Personally I think the actual way in which the shoes are produced are much more important than the 'brand'. If Adbusters really does manage this, then all for the good. I would probably buy some if they weren't more expensive than I generally would pay for shoes. It is still a 'brand' though, you're right: in the same way that the Body Shop is a massive, massive brand. But it is marginally better to have a brand that engages in good business practices? I don't see how setting up a rival 'brand' does much to overcome the 'Spectacle'/consumerist/brand led culture. Now, why are the shoes so expensive? I presume because they are being produced in such small numbers? If all Adbusters is going to do is replace one brand with another, 'anti-brand'... I don't know. Is there any way to actually sell anything without engaging in this kind of thing? I don't know. Random, ill-organised thoughts

I thought that was his thesis... He seems to locate the problem starting around the time when human societies stopped being migratory.

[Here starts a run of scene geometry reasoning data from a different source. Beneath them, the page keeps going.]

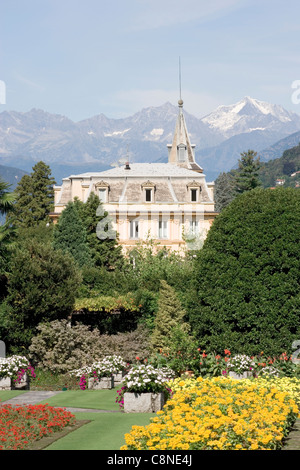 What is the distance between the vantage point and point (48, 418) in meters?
16.9

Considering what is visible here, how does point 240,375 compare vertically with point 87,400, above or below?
above

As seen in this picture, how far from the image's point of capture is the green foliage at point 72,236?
171ft

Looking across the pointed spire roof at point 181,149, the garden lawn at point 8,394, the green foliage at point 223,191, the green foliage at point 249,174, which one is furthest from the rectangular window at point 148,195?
the garden lawn at point 8,394

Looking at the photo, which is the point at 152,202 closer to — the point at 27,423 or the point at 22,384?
the point at 22,384

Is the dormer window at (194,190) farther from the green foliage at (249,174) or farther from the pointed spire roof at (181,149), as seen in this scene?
the green foliage at (249,174)

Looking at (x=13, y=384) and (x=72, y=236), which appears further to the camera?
(x=72, y=236)

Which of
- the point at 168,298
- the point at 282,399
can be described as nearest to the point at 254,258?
the point at 168,298

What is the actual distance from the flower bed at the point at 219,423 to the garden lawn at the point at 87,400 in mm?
4228

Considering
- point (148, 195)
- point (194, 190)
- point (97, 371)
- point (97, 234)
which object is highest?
point (194, 190)

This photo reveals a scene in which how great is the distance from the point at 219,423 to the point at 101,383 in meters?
11.8

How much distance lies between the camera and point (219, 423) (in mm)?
13953

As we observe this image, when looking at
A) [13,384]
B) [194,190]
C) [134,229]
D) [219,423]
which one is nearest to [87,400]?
[13,384]

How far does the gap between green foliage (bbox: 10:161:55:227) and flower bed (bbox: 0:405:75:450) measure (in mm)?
58922

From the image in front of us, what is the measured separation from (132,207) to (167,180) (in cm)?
532
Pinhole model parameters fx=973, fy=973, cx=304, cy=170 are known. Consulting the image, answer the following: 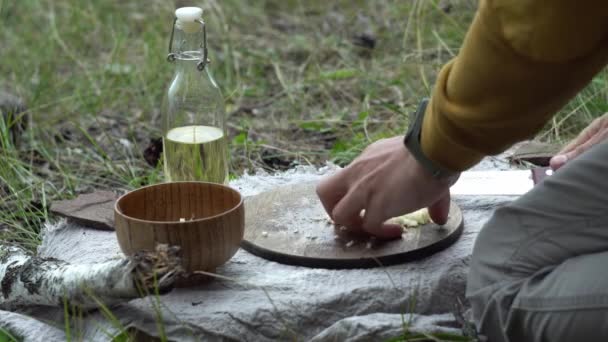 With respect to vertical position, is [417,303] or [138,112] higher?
[417,303]

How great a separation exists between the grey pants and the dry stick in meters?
0.47

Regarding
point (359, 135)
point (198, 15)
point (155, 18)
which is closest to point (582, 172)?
point (198, 15)

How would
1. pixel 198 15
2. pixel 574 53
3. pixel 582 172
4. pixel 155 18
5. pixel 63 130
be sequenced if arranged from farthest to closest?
pixel 155 18
pixel 63 130
pixel 198 15
pixel 582 172
pixel 574 53

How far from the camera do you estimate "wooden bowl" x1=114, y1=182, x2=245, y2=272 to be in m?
1.56

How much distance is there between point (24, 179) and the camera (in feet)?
8.13

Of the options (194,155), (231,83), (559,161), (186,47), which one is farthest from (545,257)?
(231,83)

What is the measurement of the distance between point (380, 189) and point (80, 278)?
51cm

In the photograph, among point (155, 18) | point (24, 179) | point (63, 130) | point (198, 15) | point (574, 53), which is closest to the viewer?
point (574, 53)

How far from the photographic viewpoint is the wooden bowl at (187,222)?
1.56m

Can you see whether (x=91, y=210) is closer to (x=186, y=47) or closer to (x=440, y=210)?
(x=186, y=47)

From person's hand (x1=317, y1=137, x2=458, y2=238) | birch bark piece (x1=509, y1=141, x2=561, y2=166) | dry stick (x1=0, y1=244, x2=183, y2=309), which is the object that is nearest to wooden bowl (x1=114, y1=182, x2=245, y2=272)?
dry stick (x1=0, y1=244, x2=183, y2=309)

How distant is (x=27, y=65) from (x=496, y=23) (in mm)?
2555

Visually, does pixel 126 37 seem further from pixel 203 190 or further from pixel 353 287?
pixel 353 287

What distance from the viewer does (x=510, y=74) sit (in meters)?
1.37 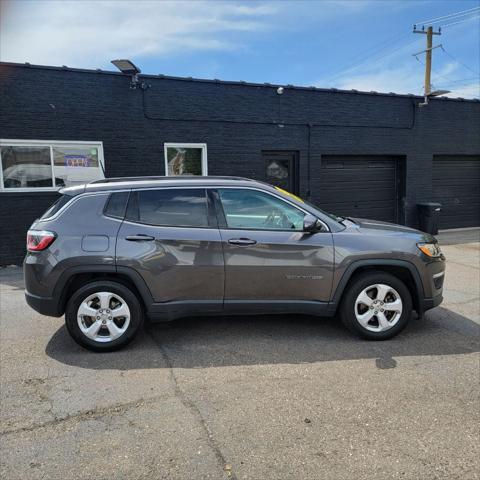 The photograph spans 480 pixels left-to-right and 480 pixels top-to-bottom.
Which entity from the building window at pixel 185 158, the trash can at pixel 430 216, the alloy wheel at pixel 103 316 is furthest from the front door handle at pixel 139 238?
the trash can at pixel 430 216

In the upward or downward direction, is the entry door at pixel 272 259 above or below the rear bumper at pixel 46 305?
above

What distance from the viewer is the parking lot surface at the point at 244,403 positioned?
2.69 metres

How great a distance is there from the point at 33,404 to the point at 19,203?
6838 millimetres

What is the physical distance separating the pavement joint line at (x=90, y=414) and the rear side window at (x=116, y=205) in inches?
73.6

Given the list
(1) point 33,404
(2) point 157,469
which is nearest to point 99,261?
(1) point 33,404

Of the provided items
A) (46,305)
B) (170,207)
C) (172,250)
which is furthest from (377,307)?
(46,305)

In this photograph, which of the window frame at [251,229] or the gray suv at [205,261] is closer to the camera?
the gray suv at [205,261]

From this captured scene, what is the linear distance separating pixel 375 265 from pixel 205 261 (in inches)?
71.3

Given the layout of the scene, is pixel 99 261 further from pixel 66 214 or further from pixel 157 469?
pixel 157 469

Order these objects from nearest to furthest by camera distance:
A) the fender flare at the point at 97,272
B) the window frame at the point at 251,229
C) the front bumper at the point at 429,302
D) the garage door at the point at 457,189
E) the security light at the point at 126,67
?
the fender flare at the point at 97,272, the window frame at the point at 251,229, the front bumper at the point at 429,302, the security light at the point at 126,67, the garage door at the point at 457,189

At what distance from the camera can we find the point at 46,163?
9.38 meters

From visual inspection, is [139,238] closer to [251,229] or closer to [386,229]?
[251,229]

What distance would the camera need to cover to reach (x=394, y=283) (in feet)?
15.2

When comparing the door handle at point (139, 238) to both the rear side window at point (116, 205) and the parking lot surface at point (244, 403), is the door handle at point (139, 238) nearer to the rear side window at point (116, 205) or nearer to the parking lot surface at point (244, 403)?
the rear side window at point (116, 205) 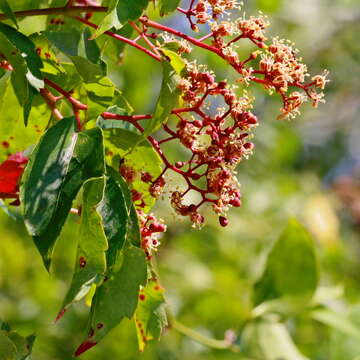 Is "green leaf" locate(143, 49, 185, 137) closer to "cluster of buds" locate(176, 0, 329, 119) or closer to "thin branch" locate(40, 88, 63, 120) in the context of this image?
"cluster of buds" locate(176, 0, 329, 119)

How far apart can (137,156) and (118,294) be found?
0.23m

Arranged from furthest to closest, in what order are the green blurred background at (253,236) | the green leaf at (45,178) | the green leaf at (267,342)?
the green blurred background at (253,236)
the green leaf at (267,342)
the green leaf at (45,178)

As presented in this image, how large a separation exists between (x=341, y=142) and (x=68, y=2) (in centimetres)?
414

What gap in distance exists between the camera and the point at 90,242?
1106 millimetres

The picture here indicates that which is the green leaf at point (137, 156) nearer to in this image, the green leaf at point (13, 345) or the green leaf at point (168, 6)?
the green leaf at point (168, 6)

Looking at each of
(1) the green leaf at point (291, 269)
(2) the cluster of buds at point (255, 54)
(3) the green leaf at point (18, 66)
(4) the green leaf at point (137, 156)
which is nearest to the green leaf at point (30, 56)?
(3) the green leaf at point (18, 66)

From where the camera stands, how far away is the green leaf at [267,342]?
2.15m

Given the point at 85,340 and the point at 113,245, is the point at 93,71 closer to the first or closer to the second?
the point at 113,245

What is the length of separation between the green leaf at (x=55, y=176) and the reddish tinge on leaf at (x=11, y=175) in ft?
0.77

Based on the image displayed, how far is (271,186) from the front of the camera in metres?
→ 4.05

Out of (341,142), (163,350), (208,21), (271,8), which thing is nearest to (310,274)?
(163,350)

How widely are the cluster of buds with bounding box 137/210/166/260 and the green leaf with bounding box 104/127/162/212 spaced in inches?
1.4

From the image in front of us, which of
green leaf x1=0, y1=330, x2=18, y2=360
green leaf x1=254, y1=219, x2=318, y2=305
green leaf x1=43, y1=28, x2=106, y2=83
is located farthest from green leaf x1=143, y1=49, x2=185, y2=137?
green leaf x1=254, y1=219, x2=318, y2=305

shouldn't this be when 'some' human societies stopped being migratory?


Yes, that's right. Sorry, it's a little while...
 
 
ONLY NICE THINGS
08:48 / 02.01.04
If it's just about annoying a huge corporation who have no incentive to care about what they are doing, then it's just a waste of time and energy as far as I'm concerned.

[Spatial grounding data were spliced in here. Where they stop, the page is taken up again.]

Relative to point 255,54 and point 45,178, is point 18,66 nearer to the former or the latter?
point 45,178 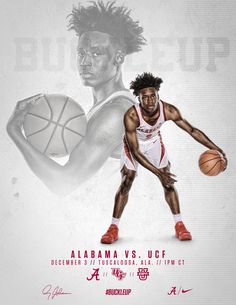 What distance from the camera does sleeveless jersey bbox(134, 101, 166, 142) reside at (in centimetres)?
310

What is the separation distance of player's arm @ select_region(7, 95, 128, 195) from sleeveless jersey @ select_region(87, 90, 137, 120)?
0.04 meters

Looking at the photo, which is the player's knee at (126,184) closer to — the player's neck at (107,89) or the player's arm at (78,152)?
the player's arm at (78,152)

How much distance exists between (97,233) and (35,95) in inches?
44.2

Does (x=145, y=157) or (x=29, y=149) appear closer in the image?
(x=145, y=157)

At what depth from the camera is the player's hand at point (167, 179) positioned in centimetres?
310

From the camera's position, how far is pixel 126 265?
10.6 feet

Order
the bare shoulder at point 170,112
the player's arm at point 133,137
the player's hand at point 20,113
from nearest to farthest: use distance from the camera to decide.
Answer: the player's arm at point 133,137 < the bare shoulder at point 170,112 < the player's hand at point 20,113

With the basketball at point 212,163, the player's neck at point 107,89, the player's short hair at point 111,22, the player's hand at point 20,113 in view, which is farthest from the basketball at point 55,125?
the basketball at point 212,163

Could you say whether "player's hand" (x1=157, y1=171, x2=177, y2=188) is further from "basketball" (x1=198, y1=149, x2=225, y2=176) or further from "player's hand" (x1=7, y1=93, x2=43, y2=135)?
"player's hand" (x1=7, y1=93, x2=43, y2=135)

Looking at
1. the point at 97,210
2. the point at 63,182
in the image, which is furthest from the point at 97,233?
the point at 63,182

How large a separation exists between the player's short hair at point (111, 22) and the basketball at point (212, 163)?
37.6 inches

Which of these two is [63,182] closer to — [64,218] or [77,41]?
[64,218]

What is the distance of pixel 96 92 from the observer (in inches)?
130

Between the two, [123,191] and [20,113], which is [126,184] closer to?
[123,191] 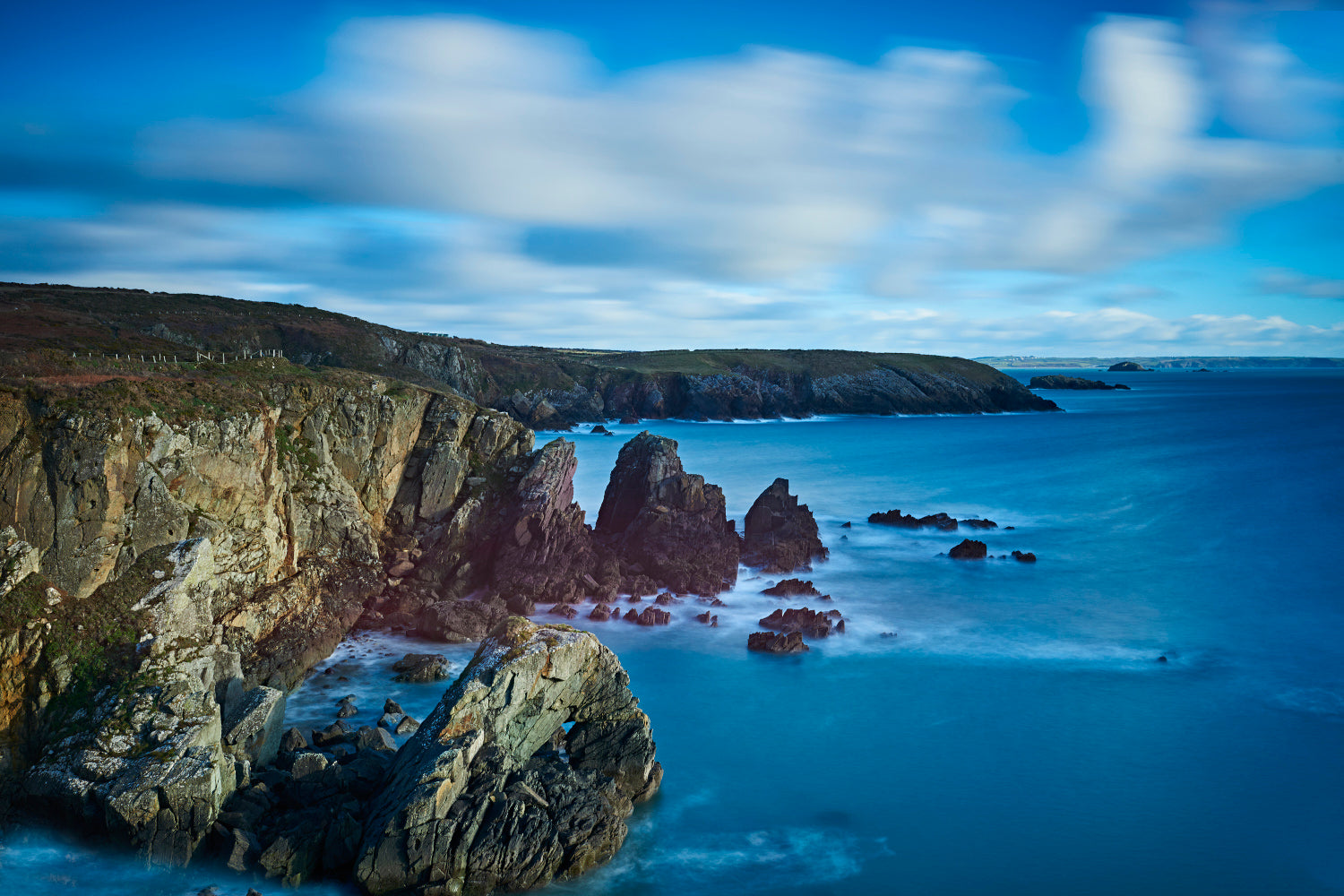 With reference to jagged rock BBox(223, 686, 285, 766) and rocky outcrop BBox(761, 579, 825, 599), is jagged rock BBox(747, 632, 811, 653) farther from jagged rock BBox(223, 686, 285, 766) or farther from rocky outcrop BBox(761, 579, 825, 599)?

Dude, really, I understand what your opinion is. What I'm missing is the connective tissue that turns it into an argument. If satirising or criticising through stylistic mirroring is a waste of time and energy, then the entire Adbusters project is bankrupt. Since you are only talking about sneakers, I am forced to assume that there is something about the idea of these sneakers that makes it distinct from the rest of the Adbusters project. As far as I can tell, this is tied up with the impossibility of creating as many actual pairs of sneakers as Nike can - the level of physical presence. However, I'm not sure how that ties in with the communication of the message; presumably the business plan never assumed sales in the millions, and I'm not sure what woudl have been gained if Adbusters had, say, signed a franchise deal with a major sneaker producer in order to keep costs low through bulk production and low-paid workers. TBH, I'm a bit lost as to what exactly is not "intelligent or rational" - Adbusters not being a global sneaker manufacturer, or simply the specific business model under which these sneakers are being produced?
 
 
No star here laces
11:07 / 02.01.04
I'd come at it from a different angle. The trouble with producing anti-nike sneakers is that for it to be an effective comment, and also an effective business proposition, the sneakers have to be as good as Nikes in every way, with the additional advantage of ethics. Rather than a piss-poor copy that is excusable by the fact it is ethical. Branding and brand strength is a quality of nike that ought to be matched by a competitor, and it is a factor intrinsically linked to amount of production.
 
 
ONLY NICE THINGS
13:05 / 02.01.04
Ah-hah... thanks, Jefé. I think I am probably missing v. simple things due to an innocence of trainers, hence my perplexity. I do hope my ignorance of matters trainerish is not too onerous.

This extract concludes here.